• PROBLEM TO SOLVE:
The answer is to be all of the data below, reproduced exactly.

++++++++

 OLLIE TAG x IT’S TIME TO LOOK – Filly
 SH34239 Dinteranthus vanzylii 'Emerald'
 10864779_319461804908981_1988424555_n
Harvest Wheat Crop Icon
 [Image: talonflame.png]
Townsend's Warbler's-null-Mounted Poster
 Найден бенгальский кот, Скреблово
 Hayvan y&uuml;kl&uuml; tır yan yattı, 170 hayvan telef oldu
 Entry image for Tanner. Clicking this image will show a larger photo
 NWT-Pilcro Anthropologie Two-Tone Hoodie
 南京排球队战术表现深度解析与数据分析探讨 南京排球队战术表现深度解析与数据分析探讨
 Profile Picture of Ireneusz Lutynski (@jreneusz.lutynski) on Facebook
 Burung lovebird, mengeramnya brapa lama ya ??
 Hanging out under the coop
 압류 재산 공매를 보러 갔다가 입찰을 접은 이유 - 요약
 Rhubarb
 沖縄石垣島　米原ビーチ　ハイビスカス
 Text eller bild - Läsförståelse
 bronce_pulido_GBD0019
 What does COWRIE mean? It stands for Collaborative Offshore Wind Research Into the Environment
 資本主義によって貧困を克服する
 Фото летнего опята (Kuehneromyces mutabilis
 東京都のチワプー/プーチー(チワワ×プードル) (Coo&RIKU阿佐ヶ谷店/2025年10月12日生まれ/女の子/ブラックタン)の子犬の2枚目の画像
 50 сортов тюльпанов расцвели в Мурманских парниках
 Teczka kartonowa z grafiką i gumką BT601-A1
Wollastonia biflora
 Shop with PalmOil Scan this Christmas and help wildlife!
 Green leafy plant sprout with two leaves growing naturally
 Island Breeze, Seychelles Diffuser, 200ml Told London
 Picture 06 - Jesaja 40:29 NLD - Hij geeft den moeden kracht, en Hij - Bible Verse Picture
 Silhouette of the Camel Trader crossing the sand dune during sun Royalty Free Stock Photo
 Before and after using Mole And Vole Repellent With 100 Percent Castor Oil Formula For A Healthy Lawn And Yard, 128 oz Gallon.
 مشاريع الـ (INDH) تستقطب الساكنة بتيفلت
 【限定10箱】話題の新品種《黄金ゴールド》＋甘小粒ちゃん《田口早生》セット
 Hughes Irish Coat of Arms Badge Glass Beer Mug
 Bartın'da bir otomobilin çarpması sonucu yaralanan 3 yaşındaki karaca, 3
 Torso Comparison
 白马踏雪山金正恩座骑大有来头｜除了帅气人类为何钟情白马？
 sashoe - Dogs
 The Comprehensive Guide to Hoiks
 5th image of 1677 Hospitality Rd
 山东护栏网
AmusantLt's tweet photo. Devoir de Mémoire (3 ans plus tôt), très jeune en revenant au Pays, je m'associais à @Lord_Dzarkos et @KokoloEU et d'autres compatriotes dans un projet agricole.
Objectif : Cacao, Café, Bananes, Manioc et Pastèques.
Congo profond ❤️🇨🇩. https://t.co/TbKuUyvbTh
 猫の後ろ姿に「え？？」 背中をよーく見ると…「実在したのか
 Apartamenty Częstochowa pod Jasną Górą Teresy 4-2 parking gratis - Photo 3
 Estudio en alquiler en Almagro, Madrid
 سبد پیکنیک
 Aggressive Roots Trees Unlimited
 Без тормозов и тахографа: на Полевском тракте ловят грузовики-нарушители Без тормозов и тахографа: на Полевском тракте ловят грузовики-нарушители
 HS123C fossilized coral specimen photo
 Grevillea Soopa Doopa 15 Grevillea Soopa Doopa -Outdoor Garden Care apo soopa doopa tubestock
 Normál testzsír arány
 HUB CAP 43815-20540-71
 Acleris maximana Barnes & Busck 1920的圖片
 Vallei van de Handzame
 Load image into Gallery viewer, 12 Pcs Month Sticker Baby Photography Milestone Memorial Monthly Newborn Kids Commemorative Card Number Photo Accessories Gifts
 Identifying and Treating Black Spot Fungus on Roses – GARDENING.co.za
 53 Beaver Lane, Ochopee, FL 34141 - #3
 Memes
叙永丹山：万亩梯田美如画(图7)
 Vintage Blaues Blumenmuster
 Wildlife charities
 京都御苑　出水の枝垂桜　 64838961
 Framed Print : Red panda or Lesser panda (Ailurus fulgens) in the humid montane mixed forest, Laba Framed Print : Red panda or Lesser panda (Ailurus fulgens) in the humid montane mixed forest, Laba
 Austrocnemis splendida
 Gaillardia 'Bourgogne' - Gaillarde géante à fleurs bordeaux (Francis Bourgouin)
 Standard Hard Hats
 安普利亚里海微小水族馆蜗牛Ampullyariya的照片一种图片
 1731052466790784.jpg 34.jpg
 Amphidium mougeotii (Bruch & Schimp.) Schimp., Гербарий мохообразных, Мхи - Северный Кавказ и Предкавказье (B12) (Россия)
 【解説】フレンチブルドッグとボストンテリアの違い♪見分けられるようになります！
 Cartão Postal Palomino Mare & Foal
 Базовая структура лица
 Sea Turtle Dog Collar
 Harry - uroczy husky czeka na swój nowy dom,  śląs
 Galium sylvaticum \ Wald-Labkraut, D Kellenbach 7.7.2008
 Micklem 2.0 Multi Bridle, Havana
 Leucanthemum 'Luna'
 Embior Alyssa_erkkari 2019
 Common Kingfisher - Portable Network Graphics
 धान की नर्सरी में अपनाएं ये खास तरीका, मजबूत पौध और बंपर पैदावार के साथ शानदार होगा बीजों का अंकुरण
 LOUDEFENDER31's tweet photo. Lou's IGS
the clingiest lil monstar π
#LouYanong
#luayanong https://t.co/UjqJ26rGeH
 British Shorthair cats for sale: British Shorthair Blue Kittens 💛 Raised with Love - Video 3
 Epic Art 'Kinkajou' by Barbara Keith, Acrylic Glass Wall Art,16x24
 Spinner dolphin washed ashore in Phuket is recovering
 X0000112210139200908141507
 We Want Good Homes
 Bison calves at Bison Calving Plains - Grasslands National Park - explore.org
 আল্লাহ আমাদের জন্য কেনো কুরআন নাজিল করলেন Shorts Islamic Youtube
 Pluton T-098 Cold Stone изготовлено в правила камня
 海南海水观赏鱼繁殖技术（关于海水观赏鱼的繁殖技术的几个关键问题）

++++++++

• TASK RESPONSE:
 OLLIE TAG x IT’S TIME TO LOOK – Filly
 SH34239 Dinteranthus vanzylii 'Emerald'
 10864779_319461804908981_1988424555_n
Harvest Wheat Crop Icon
 [Image: talonflame.png]
Townsend's Warbler's-null-Mounted Poster
 Найден бенгальский кот, Скреблово
 Hayvan y&uuml;kl&uuml; tır yan yattı, 170 hayvan telef oldu
 Entry image for Tanner. Clicking this image will show a larger photo
 NWT-Pilcro Anthropologie Two-Tone Hoodie
 南京排球队战术表现深度解析与数据分析探讨 南京排球队战术表现深度解析与数据分析探讨
 Profile Picture of Ireneusz Lutynski (@jreneusz.lutynski) on Facebook
 Burung lovebird, mengeramnya brapa lama ya ??
 Hanging out under the coop
 압류 재산 공매를 보러 갔다가 입찰을 접은 이유 - 요약
 Rhubarb
 沖縄石垣島　米原ビーチ　ハイビスカス
 Text eller bild - Läsförståelse
 bronce_pulido_GBD0019
 What does COWRIE mean? It stands for Collaborative Offshore Wind Research Into the Environment
 資本主義によって貧困を克服する
 Фото летнего опята (Kuehneromyces mutabilis
 東京都のチワプー/プーチー(チワワ×プードル) (Coo&RIKU阿佐ヶ谷店/2025年10月12日生まれ/女の子/ブラックタン)の子犬の2枚目の画像
 50 сортов тюльпанов расцвели в Мурманских парниках
 Teczka kartonowa z grafiką i gumką BT601-A1
Wollastonia biflora
 Shop with PalmOil Scan this Christmas and help wildlife!
 Green leafy plant sprout with two leaves growing naturally
 Island Breeze, Seychelles Diffuser, 200ml Told London
 Picture 06 - Jesaja 40:29 NLD - Hij geeft den moeden kracht, en Hij - Bible Verse Picture
 Silhouette of the Camel Trader crossing the sand dune during sun Royalty Free Stock Photo
 Before and after using Mole And Vole Repellent With 100 Percent Castor Oil Formula For A Healthy Lawn And Yard, 128 oz Gallon.
 مشاريع الـ (INDH) تستقطب الساكنة بتيفلت
 【限定10箱】話題の新品種《黄金ゴールド》＋甘小粒ちゃん《田口早生》セット
 Hughes Irish Coat of Arms Badge Glass Beer Mug
 Bartın'da bir otomobilin çarpması sonucu yaralanan 3 yaşındaki karaca, 3
 Torso Comparison
 白马踏雪山金正恩座骑大有来头｜除了帅气人类为何钟情白马？
 sashoe - Dogs
 The Comprehensive Guide to Hoiks
 5th image of 1677 Hospitality Rd
 山东护栏网
AmusantLt's tweet photo. Devoir de Mémoire (3 ans plus tôt), très jeune en revenant au Pays, je m'associais à @Lord_Dzarkos et @KokoloEU et d'autres compatriotes dans un projet agricole.
Objectif : Cacao, Café, Bananes, Manioc et Pastèques.
Congo profond ❤️🇨🇩. https://t.co/TbKuUyvbTh
 猫の後ろ姿に「え？？」 背中をよーく見ると…「実在したのか
 Apartamenty Częstochowa pod Jasną Górą Teresy 4-2 parking gratis - Photo 3
 Estudio en alquiler en Almagro, Madrid
 سبد پیکنیک
 Aggressive Roots Trees Unlimited
 Без тормозов и тахографа: на Полевском тракте ловят грузовики-нарушители Без тормозов и тахографа: на Полевском тракте ловят грузовики-нарушители
 HS123C fossilized coral specimen photo
 Grevillea Soopa Doopa 15 Grevillea Soopa Doopa -Outdoor Garden Care apo soopa doopa tubestock
 Normál testzsír arány
 HUB CAP 43815-20540-71
 Acleris maximana Barnes & Busck 1920的圖片
 Vallei van de Handzame
 Load image into Gallery viewer, 12 Pcs Month Sticker Baby Photography Milestone Memorial Monthly Newborn Kids Commemorative Card Number Photo Accessories Gifts
 Identifying and Treating Black Spot Fungus on Roses – GARDENING.co.za
 53 Beaver Lane, Ochopee, FL 34141 - #3
 Memes
叙永丹山：万亩梯田美如画(图7)
 Vintage Blaues Blumenmuster
 Wildlife charities
 京都御苑　出水の枝垂桜　 64838961
 Framed Print : Red panda or Lesser panda (Ailurus fulgens) in the humid montane mixed forest, Laba Framed Print : Red panda or Lesser panda (Ailurus fulgens) in the humid montane mixed forest, Laba
 Austrocnemis splendida
 Gaillardia 'Bourgogne' - Gaillarde géante à fleurs bordeaux (Francis Bourgouin)
 Standard Hard Hats
 安普利亚里海微小水族馆蜗牛Ampullyariya的照片一种图片
 1731052466790784.jpg 34.jpg
 Amphidium mougeotii (Bruch & Schimp.) Schimp., Гербарий мохообразных, Мхи - Северный Кавказ и Предкавказье (B12) (Россия)
 【解説】フレンチブルドッグとボストンテリアの違い♪見分けられるようになります！
 Cartão Postal Palomino Mare & Foal
 Базовая структура лица
 Sea Turtle Dog Collar
 Harry - uroczy husky czeka na swój nowy dom,  śląs
 Galium sylvaticum \ Wald-Labkraut, D Kellenbach 7.7.2008
 Micklem 2.0 Multi Bridle, Havana
 Leucanthemum 'Luna'
 Embior Alyssa_erkkari 2019
 Common Kingfisher - Portable Network Graphics
 धान की नर्सरी में अपनाएं ये खास तरीका, मजबूत पौध और बंपर पैदावार के साथ शानदार होगा बीजों का अंकुरण
 LOUDEFENDER31's tweet photo. Lou's IGS
the clingiest lil monstar π
#LouYanong
#luayanong https://t.co/UjqJ26rGeH
 British Shorthair cats for sale: British Shorthair Blue Kittens 💛 Raised with Love - Video 3
 Epic Art 'Kinkajou' by Barbara Keith, Acrylic Glass Wall Art,16x24
 Spinner dolphin washed ashore in Phuket is recovering
 X0000112210139200908141507
 We Want Good Homes
 Bison calves at Bison Calving Plains - Grasslands National Park - explore.org
 আল্লাহ আমাদের জন্য কেনো কুরআন নাজিল করলেন Shorts Islamic Youtube
 Pluton T-098 Cold Stone изготовлено в правила камня
 海南海水观赏鱼繁殖技术（关于海水观赏鱼的繁殖技术的几个关键问题）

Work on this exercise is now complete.